Chris Binnings fronts San Francisco sextet Stompy Jones.
Chris Binnings fronts San Francisco sextet Stompy Jones.
Credits: 
Photo by Andi Hazelwood

Like Pink Floyd, Stompy Jones is the band name, not a person in the band. It's also the name of a 1934 Duke Ellington tune. But if Stompy Jones were a person, he'd be impeccably dressed, smooth as silk with the ladies, and one hell of a dancer.

View photos of Stompy Jones.

Stompy Jones (the San Francisco-based jumping rhythm & blues sextet) performed at the David Patrone $10,000 Swing Dance Spectacular in the Dreamcatcher Showroom at Viejas Casino on Sunday night, and they had the dance floor jam-packed for every single song. And with good reason. No other band in the world has such an innate understanding of the sound, rhythm and presentation of 1940's small band rhythm and blues, the music that bridged the gap between big band swing and rock and roll. This is almost entirely due to the voracious, almost obsessive attention to detail paid by Stompy Jones founder and bassist “Little” David Rose.

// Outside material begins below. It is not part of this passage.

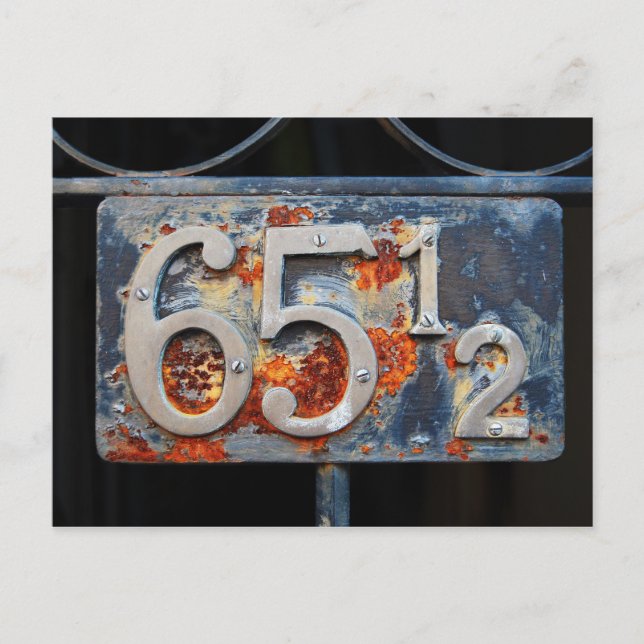 Carte Postale Numéro d'adresse Plaque, Soixante-cinq et demi (Devant)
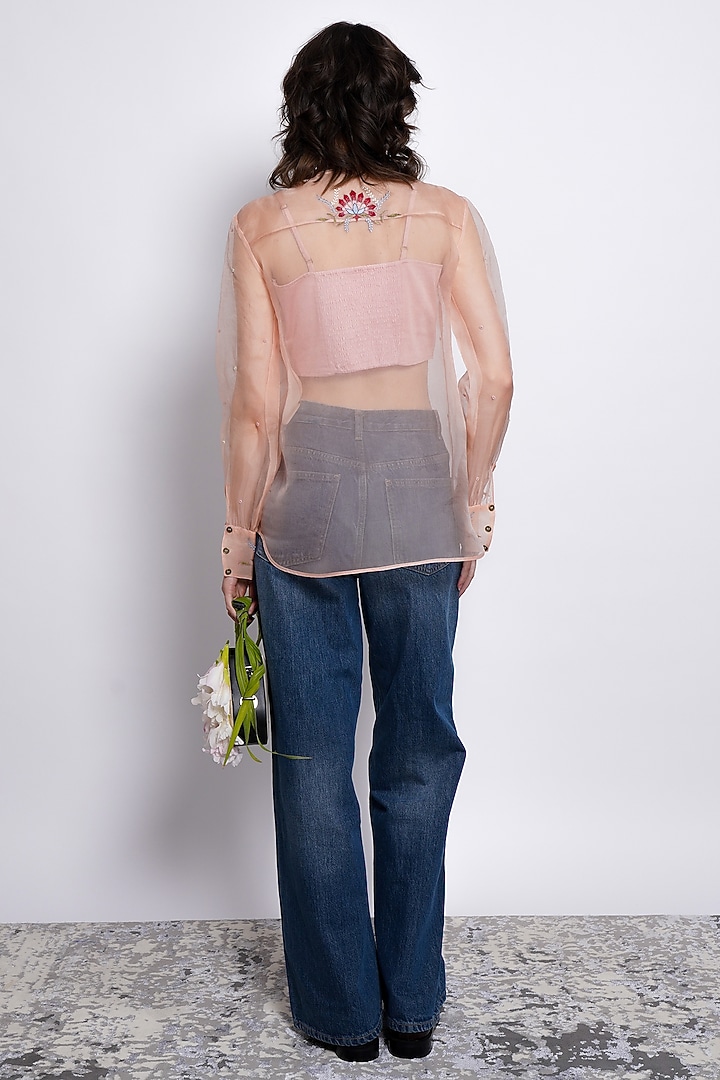 Rosette Peach Sheer Silk Organza Floral Embroidered Top by Love Kiki at Pernia's Pop Up Shop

“I went out and bought all the $1 records I could find,” Rose said, “that's how I learned about good music.” Stompy Jones is unique among modern bands playing the early rhythm and blues of Louis Jordan, Roy Milton, Wynonie Harris and Earl Bostic (and heaven knows there are plenty of them), in that they play the music as authentically as possible, avoiding modernizing it, rearranging it, or messing with the tempos. “We don't do this for ourselves,” singer Chris Binnings said,“we exist, we play this music, just for the dancers.” Rose's originals, sprinkled throughout the band's CDs and their live performances, are creative and tasty, yet stylistically indistinguishable from the carefully selected covers. “The beauty of this music is in the details,” Rose enthused.

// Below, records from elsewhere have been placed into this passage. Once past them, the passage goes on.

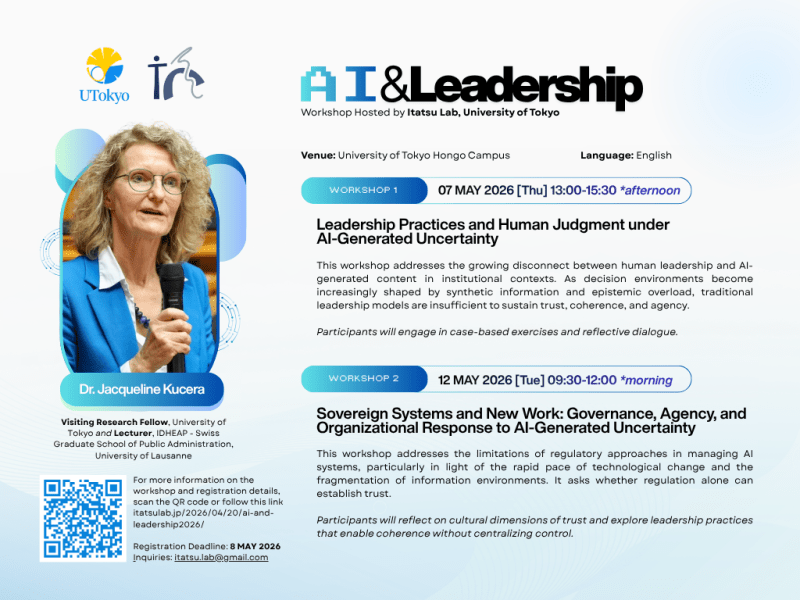 Workshop Series by Visiting Research Fellow Dr Jacqueline Kucera and Itatsu Lab “AI & Leadership”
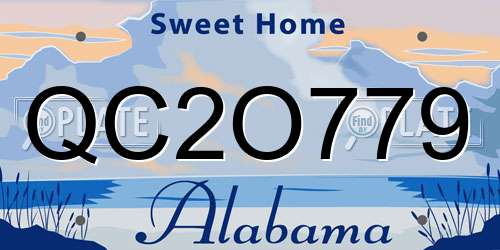 QC2O779 Alabama License Plate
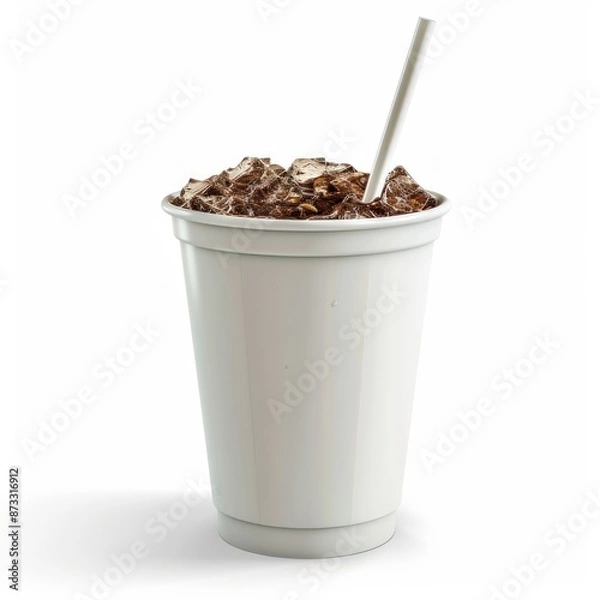 Fototapeta cola on white paper cup with straw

Binnings' wonderfully unique vocals are the only element that gives Stompy Jones away as a band of the current day, and not 1947. Were the group around in the 40's, Binnings would be a household name. The handsome furniture-store-employee-slash-occasional-piano-bar-singer was scooped up, virtually unheard, to front Stompy Jones when their much-loved singer, Peter “Pops” Walsh, had to leave the band due to health problems. Binnings' sweet rasp and gentle phrasing, learned from years listening to Sam Cooke and time under Little David's mentoring, flirts with full-on blues-shouting before returning to an intriguingly romantic, lightly gravelly crooning.

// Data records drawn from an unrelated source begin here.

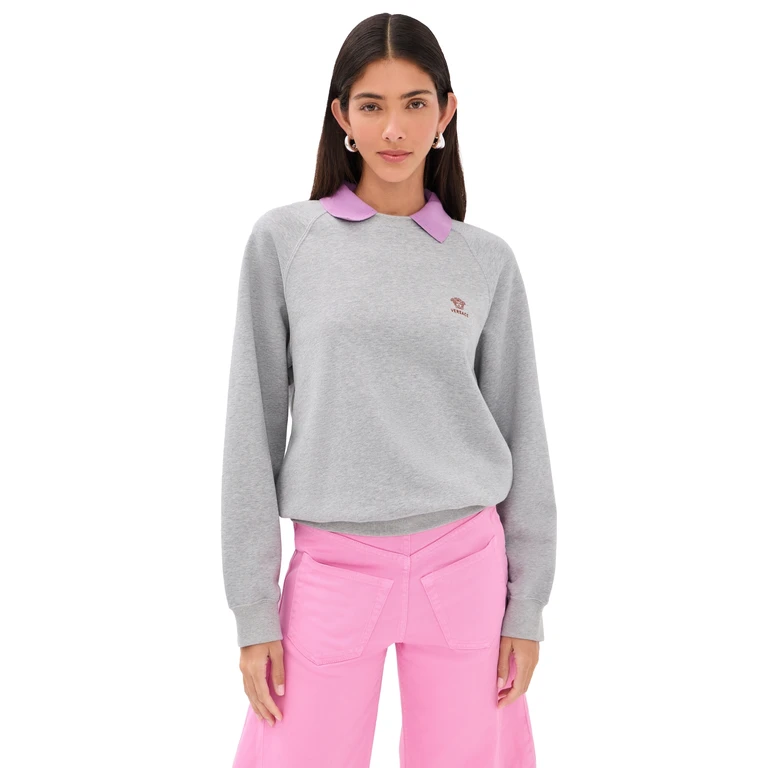 Versace Sweatshirt Grigio Melange/Violet 42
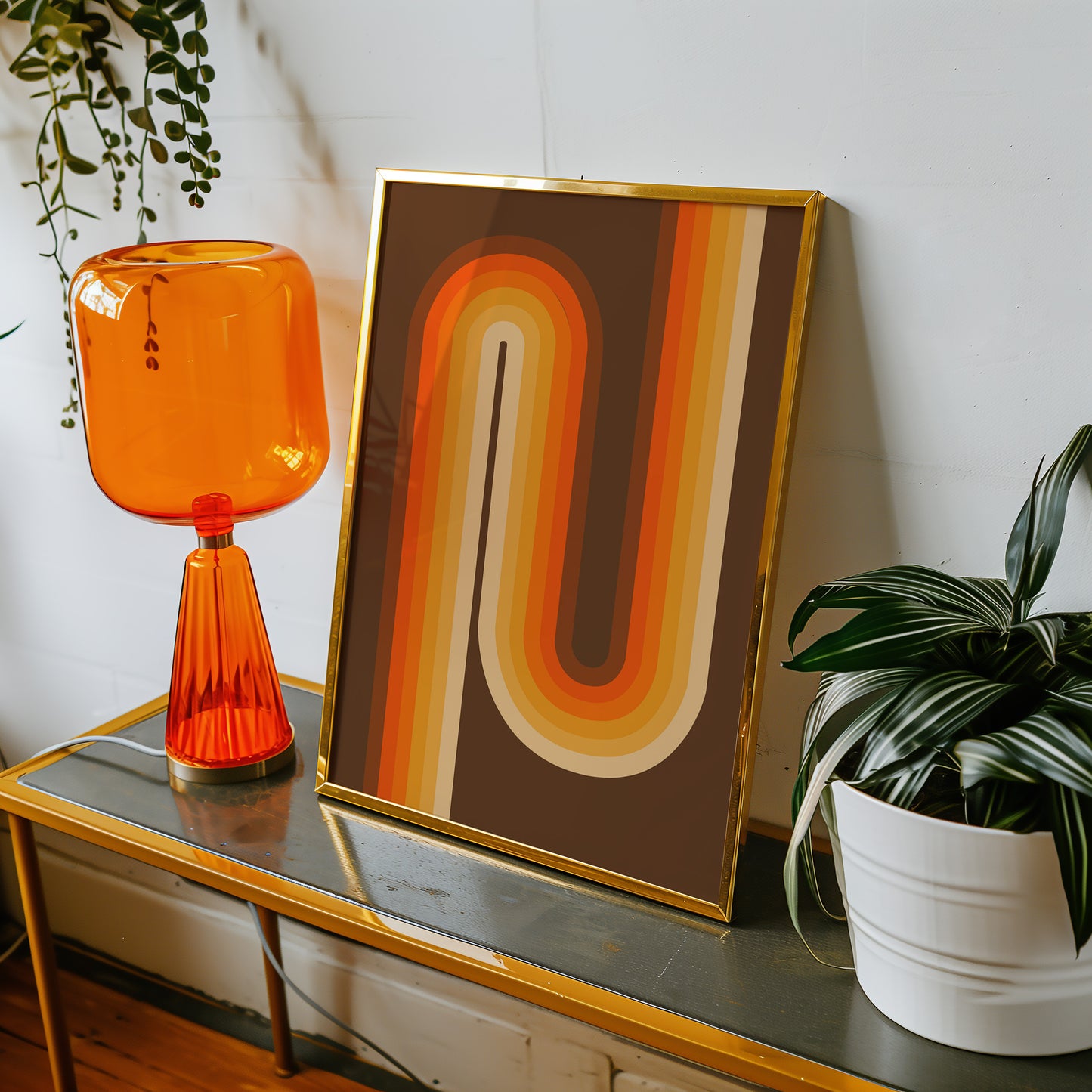 Retro Wave Dark Brown Print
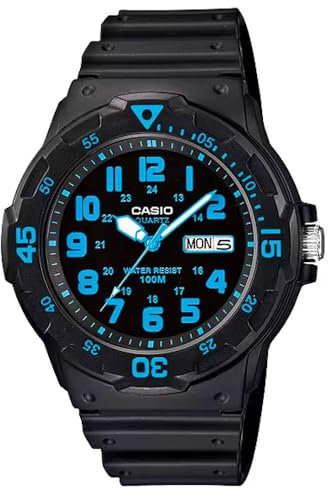 Casio Orologio da polso da uomo al quarzo casual bracciale e cassa in resin di colore black display analogico black - MRW-200H-2B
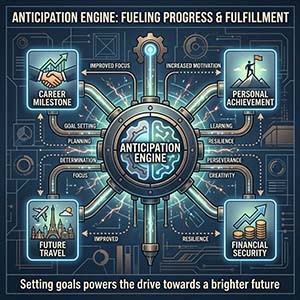 Anticipation Engine diagram: career, achievement, future, and financial goals. 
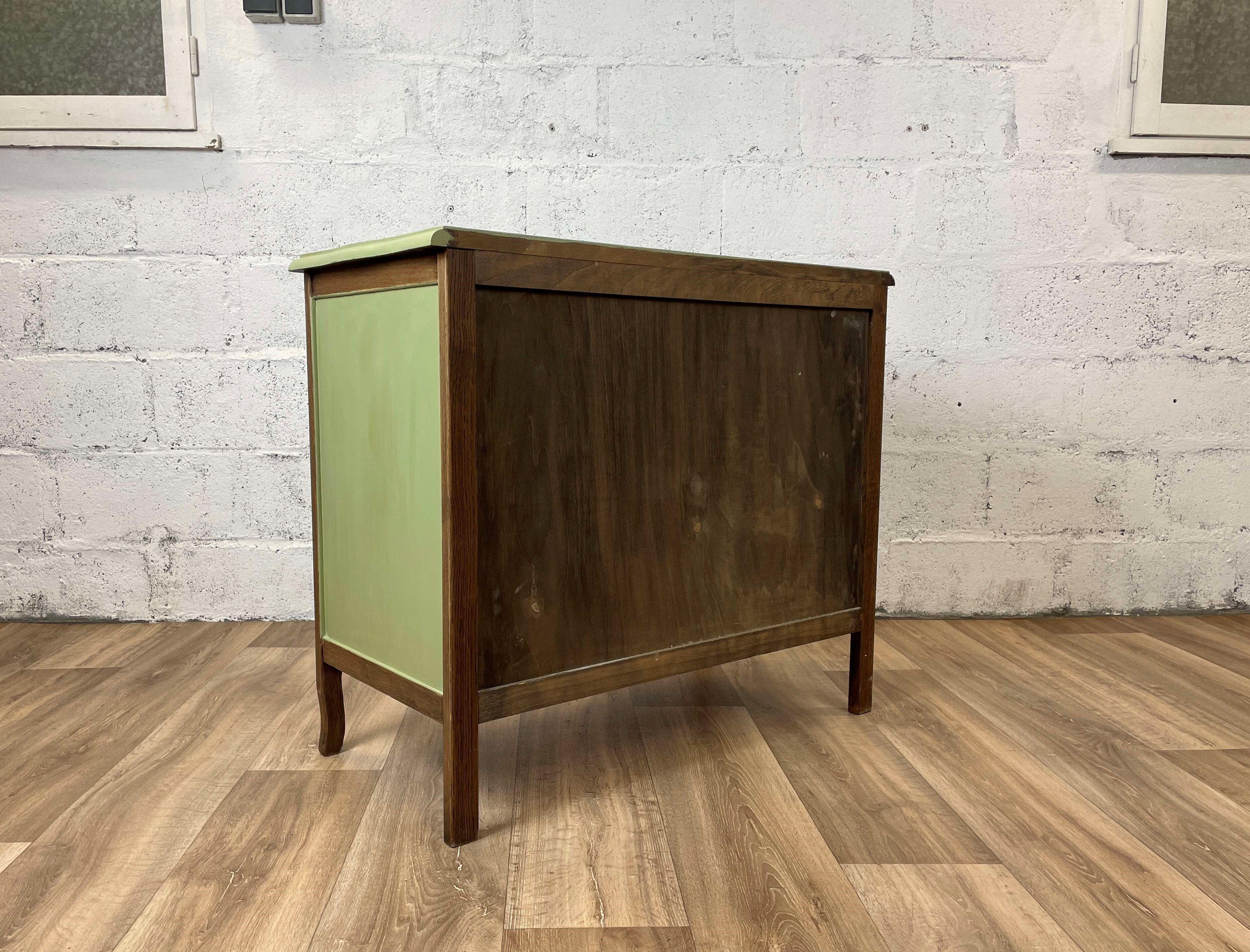 Vintage chest of drawers 3 drawers in restored wood with Libéron paint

Stompy Jones will play two southern California dates in February: Memories in Whittier, CA on the 12th and Carnation Plaza at Disneyland on the 13th. Check http://www.stompyjones.com for more information.

The next event in the David Patrone $10,000 Swing Dance Spectacular will be on Valentine's Day, February 14, with San Diego band The Fremonts. Check http://www.swingspectacular.com for details.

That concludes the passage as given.